Pre-June 4, 2013, it was widely expected that Flight-Lieutenant Jerry John Rawlings, who providentially led the June 4, 1979 revolt in the Ghana Armed Forces (GAF), would throw a bombshell, as is usually his wont on such occasions.
In the event, he did not disappoint, but went a step forward, which seems to suggest that he has learnt no lessons from that adventurism and its autocratic continuation in the so-called 31 st December 1981 revolution.
As usual for Jerry John Rawlings, others are to blame for all the ills in the country. None could be his fault. No, by no stretch of the imagination can Mr. Probity and Accountability share an iota of blame.
Ex-President John Agyekum Diawuo Kufuor, who succeeded Mr. Rawlings in office, and Kufuor's own successor, the late Professor John Evans Atta Mills, came in for heavy criticism for having presided over the erosion of the 'gains' chalked by the uprising and the revolution, before Mr Rawlings reluctantly left office in January 2001.
Mr Kufuor's aides have risen to his defence stoutly by pointing out that Kufuor inherited a debt-ridden economy, for which he declared HIPC (Highly Indebted Poor Country), but after eight years, he bequeathed to his successor a world-acclaimed economy of lower middle income status.
Professor Atta Mills' people are yet to respond.
But, The Chronicle's grouse with Mr. Rawlings' June 4, 2013 boom is the suggestion that he would support another uprising in the country, in the name of probity and accountability.
Hear him: '… Recently, there have been some calls for a new revolution to again restore those values [which necessitated the uprising]. We do not have to allow the politics of our country to descend to the point where bloodshed and violent revolt [is] seen as the only means to restore those values.'
The Chronicle finds this utterance highly irresponsible, to say the least. Mr Rawlings and his aides may counter that he merely reported other peoples' views of possible danger ahead of the nation. We grant him that. But his failure to condemn the so-called new calls for another misguided revolution, and his admonition that we need not allow our politics to descend to the point where bloodshed and violent revolt is seen as the only way out, is suggestive that he could support another uprising in the GAF.
And what is the point that should not be reached? … otherwise what?
In any case, what is he complaining about?

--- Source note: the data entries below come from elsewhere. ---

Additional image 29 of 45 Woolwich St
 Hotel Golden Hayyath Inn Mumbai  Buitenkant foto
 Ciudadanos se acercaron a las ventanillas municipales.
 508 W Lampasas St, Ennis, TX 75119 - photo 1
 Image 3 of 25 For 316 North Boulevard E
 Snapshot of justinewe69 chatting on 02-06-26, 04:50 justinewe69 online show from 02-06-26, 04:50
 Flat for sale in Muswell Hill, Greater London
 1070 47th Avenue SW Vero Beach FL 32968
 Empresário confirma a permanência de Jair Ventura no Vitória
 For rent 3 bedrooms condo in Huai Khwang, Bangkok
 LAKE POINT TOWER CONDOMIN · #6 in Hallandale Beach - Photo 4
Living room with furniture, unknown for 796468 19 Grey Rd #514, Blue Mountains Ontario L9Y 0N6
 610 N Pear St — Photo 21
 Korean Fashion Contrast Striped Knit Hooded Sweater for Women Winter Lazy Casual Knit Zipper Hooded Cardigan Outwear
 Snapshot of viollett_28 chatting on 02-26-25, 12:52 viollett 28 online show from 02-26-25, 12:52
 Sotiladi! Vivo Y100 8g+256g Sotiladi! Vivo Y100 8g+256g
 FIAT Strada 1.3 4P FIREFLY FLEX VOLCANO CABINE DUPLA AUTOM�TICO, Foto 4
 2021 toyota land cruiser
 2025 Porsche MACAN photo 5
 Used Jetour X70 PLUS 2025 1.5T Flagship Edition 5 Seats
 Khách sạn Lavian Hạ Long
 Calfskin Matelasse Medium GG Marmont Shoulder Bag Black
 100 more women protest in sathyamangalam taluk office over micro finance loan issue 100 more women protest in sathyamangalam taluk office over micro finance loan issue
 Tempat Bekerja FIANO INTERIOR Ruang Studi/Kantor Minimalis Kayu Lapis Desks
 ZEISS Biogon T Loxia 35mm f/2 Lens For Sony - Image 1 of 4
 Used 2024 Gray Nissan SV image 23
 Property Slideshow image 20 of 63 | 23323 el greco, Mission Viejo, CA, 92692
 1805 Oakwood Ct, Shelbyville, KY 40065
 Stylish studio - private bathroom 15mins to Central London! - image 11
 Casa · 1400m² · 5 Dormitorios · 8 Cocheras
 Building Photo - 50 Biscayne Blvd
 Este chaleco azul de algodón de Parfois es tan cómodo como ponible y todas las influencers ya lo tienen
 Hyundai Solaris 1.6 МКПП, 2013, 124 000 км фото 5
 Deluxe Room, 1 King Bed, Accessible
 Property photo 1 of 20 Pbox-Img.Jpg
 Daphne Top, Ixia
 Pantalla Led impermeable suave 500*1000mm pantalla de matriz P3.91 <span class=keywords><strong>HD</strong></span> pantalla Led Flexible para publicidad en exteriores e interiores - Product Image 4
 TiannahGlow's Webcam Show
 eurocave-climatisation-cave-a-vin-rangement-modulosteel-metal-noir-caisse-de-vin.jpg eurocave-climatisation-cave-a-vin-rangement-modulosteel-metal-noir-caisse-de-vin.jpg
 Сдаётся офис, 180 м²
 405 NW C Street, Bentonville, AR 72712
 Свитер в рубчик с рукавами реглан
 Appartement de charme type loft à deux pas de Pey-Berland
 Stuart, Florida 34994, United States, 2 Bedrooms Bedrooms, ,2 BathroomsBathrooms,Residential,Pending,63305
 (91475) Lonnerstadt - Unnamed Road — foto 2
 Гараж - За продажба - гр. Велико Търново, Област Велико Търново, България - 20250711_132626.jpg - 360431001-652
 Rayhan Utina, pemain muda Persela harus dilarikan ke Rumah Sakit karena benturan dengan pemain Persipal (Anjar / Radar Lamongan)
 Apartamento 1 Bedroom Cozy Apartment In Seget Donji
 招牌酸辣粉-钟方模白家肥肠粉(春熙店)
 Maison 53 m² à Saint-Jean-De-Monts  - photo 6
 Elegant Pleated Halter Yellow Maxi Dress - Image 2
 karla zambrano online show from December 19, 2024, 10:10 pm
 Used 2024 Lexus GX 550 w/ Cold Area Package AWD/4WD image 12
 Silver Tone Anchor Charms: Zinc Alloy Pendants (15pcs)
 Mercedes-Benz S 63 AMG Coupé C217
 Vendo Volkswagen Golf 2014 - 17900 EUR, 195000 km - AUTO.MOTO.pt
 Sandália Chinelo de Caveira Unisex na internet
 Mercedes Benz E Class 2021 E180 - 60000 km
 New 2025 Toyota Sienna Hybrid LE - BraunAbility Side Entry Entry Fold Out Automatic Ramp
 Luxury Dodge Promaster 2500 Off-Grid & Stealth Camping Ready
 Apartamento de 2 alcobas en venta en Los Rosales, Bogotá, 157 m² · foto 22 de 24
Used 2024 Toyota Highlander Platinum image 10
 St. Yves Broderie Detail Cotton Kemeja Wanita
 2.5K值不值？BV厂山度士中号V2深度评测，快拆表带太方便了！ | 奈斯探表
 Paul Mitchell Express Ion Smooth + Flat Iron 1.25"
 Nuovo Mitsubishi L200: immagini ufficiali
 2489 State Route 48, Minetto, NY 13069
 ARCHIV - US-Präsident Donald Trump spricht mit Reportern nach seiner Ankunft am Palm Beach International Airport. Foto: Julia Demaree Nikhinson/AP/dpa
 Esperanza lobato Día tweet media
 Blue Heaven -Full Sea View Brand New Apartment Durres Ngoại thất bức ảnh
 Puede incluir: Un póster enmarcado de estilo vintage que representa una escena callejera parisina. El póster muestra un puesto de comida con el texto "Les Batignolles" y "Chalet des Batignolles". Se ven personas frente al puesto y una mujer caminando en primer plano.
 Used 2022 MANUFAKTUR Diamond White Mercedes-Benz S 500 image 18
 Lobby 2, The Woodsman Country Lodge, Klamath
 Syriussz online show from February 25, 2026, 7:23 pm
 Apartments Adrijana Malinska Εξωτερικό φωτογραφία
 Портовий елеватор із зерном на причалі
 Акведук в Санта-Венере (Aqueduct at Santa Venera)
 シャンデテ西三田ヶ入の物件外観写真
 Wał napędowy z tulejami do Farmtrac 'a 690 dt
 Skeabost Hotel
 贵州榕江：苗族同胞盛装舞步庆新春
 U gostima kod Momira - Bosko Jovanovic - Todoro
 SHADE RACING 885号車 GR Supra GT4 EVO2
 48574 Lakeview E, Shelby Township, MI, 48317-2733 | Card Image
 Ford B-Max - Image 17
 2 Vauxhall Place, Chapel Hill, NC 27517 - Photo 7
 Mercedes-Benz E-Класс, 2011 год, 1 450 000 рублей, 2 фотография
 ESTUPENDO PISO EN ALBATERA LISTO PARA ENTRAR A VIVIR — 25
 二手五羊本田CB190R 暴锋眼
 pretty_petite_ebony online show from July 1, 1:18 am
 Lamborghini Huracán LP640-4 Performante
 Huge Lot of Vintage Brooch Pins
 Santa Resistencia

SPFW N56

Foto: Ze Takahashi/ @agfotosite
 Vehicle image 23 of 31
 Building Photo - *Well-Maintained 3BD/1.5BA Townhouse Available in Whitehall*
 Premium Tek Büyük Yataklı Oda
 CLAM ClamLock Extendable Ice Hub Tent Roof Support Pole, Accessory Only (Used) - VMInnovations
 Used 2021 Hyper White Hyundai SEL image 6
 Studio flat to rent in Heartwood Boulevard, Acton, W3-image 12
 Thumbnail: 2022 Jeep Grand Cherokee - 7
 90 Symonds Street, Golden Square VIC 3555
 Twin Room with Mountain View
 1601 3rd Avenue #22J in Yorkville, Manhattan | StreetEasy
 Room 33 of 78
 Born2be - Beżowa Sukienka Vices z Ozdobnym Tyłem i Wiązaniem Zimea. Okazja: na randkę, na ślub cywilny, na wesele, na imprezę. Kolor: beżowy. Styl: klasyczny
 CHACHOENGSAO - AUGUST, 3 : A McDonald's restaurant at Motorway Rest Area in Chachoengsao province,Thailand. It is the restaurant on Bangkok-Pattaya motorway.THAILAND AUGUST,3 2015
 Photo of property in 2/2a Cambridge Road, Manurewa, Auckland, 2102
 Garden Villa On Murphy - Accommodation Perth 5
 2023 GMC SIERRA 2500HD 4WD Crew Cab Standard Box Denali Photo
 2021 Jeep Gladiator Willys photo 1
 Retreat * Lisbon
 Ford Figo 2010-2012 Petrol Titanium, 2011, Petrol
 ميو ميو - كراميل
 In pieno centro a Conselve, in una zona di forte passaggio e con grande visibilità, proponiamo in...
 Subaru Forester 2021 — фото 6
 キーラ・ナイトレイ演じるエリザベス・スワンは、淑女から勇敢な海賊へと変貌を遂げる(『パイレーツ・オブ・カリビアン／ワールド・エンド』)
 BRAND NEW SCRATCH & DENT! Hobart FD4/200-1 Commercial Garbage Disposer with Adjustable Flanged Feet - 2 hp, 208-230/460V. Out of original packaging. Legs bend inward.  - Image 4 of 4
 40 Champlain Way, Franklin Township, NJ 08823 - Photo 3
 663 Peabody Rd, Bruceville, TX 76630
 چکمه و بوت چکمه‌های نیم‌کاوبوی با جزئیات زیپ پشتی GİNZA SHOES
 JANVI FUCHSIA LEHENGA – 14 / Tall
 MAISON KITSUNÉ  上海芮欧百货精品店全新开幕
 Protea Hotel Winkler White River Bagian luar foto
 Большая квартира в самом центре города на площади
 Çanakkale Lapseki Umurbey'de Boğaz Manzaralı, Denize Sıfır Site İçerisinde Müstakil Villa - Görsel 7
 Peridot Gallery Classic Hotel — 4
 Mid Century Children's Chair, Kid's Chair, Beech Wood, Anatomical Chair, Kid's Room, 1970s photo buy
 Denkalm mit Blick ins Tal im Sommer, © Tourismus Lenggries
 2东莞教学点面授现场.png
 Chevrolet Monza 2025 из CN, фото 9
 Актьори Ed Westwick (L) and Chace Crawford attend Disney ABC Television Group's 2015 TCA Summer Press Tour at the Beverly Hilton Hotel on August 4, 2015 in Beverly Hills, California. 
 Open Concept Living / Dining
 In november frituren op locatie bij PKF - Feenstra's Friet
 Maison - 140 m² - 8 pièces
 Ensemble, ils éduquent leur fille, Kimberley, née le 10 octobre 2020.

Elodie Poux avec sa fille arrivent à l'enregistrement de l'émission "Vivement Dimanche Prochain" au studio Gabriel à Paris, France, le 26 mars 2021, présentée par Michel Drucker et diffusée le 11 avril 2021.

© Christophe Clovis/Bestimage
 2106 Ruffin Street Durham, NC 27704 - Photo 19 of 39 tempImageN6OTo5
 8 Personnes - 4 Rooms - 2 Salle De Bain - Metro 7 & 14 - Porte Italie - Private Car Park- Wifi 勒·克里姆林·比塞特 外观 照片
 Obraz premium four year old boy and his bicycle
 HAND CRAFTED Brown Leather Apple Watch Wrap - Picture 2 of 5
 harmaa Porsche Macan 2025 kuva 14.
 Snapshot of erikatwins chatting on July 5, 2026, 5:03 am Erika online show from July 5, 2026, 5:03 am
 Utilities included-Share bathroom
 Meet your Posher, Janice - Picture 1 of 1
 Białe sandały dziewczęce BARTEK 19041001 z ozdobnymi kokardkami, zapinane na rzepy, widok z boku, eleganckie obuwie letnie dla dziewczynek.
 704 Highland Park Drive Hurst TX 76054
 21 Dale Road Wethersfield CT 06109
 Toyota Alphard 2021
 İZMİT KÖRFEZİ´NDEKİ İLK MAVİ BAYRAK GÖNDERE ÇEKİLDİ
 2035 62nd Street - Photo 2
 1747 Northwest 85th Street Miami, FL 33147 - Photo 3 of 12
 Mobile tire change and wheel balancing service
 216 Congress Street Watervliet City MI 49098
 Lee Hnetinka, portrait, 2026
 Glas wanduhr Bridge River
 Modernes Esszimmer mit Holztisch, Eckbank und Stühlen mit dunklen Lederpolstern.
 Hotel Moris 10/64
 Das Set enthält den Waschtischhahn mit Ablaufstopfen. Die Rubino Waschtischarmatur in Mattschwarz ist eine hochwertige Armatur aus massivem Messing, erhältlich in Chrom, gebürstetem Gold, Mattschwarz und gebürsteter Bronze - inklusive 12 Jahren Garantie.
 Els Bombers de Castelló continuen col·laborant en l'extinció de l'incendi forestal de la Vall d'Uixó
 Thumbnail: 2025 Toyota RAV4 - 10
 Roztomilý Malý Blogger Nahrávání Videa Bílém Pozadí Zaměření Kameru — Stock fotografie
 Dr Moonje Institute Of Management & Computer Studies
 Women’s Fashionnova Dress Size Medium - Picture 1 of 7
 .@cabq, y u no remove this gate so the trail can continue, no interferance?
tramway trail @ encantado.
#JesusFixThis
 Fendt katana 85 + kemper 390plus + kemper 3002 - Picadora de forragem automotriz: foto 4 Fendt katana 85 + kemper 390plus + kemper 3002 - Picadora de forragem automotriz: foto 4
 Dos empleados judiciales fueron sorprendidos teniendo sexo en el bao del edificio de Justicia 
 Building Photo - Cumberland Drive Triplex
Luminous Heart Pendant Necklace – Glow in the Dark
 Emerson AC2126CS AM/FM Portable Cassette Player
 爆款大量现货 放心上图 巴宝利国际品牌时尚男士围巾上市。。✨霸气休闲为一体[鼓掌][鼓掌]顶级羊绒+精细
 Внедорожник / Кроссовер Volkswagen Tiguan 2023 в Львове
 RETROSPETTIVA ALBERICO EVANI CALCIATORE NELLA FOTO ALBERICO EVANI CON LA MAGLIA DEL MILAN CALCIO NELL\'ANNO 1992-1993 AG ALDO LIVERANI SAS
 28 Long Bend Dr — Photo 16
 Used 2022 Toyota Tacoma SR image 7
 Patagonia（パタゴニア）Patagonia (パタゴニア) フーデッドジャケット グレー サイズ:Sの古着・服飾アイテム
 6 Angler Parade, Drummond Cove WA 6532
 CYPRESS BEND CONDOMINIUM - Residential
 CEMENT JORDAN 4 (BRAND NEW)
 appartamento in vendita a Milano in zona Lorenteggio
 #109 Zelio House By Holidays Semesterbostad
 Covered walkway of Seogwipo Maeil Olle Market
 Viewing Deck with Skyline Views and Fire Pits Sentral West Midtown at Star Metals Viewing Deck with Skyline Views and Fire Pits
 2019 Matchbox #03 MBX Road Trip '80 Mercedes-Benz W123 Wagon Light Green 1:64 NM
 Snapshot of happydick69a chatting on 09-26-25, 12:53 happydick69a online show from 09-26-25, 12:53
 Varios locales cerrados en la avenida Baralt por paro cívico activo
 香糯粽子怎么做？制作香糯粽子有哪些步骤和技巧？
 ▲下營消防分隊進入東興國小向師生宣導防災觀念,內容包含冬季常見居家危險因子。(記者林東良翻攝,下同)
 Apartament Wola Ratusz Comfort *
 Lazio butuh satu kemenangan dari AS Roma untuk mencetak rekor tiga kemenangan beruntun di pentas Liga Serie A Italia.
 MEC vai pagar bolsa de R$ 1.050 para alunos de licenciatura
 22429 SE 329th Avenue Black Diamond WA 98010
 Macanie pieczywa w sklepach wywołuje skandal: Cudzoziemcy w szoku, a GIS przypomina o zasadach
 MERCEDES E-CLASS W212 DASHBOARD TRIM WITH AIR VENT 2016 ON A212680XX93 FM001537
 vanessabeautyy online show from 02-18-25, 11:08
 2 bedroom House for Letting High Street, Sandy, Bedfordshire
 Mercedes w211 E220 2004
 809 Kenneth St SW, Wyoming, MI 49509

If it is corruption, then Mr Rawlings is deceiving himself that his revolution uprooted it. If he must know, it was only cowed into a corner.
Even if it was uprooted, it resurfaced right under his nose while he was the elected executive president. That is why, if it must be spelt out for him, some of his ministers were convicted and jailed under the 'causing financial loss to the state' provision in the 1979 Constitution by the Kufuor administration.
He needs no further proof that the probity and accountability aspects of his revolution failed from Day 1. The verdict of history on such matters is clear: such social conscience cannot be sown by violence.
The Chronicle would also advise Mr Rawlings not to entertain calls for another revolution for social re-engineering. Why? Because it may consume him next time.
Some have suggested, since his pre-June 4, 2013 boom, that his wife is equally guilty of the strange crime of 'influence peddling', for which a military officer who took a ¢50,000 bank loan was executed by the AFRC in 1979.
The commentators claim that Mrs. Rawlings used the influence of her husband, then a democratic head of state, to acquire the subsidiaries of the Ghana Industrial Holdings Corporation (GIHOC) and Ghana National Trading Corporation (GNTC) that were divested while Mr Rawlings was in power.
That may be debateable in a court of law, but who can predict how marijuana-dazed revolting other rank soldiers would interpret it? The wiser policy would be not to dare to find out. And we commend that to him.